**DATA BLOCK**
---+---

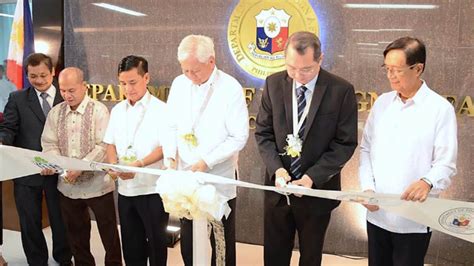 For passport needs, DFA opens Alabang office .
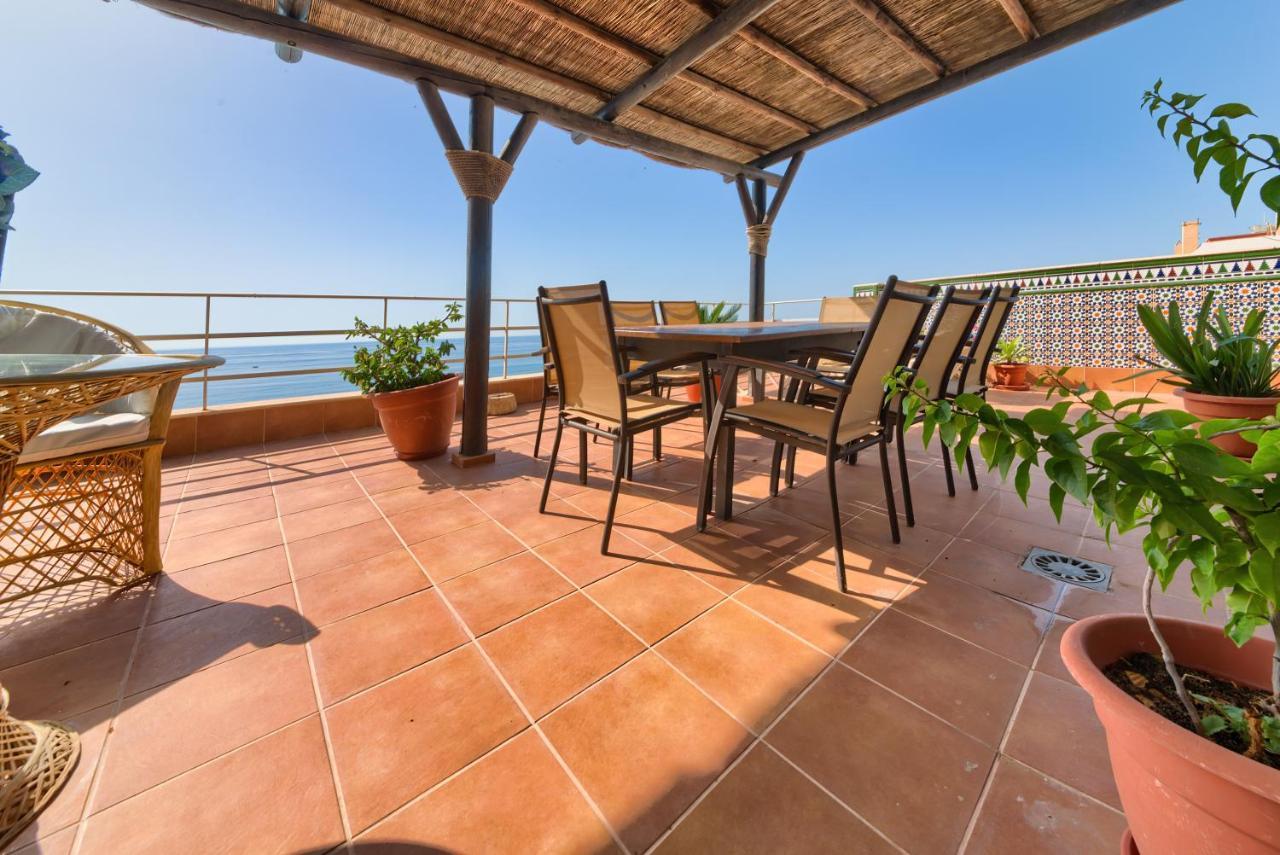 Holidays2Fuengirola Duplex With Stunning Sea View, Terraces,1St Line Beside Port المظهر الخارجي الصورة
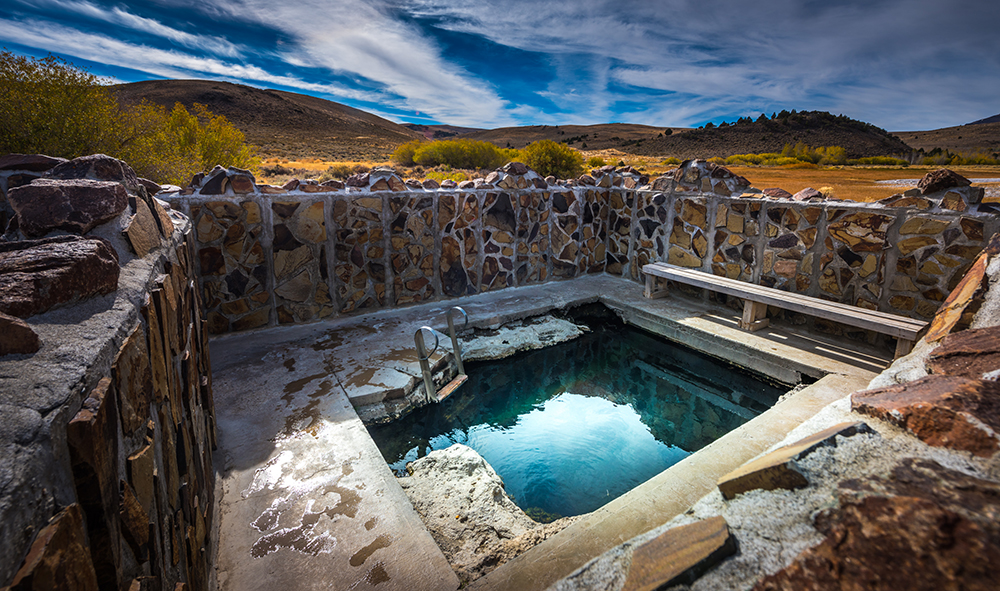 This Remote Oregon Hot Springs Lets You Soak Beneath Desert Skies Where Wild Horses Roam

---+---

**TRY IT**
Without any pictures, print the whole listing again exactly as it stands.

**YOUR SOLUTION**
 For passport needs, DFA opens Alabang office .
 Holidays2Fuengirola Duplex With Stunning Sea View, Terraces,1St Line Beside Port المظهر الخارجي الصورة
 This Remote Oregon Hot Springs Lets You Soak Beneath Desert Skies Where Wild Horses Roam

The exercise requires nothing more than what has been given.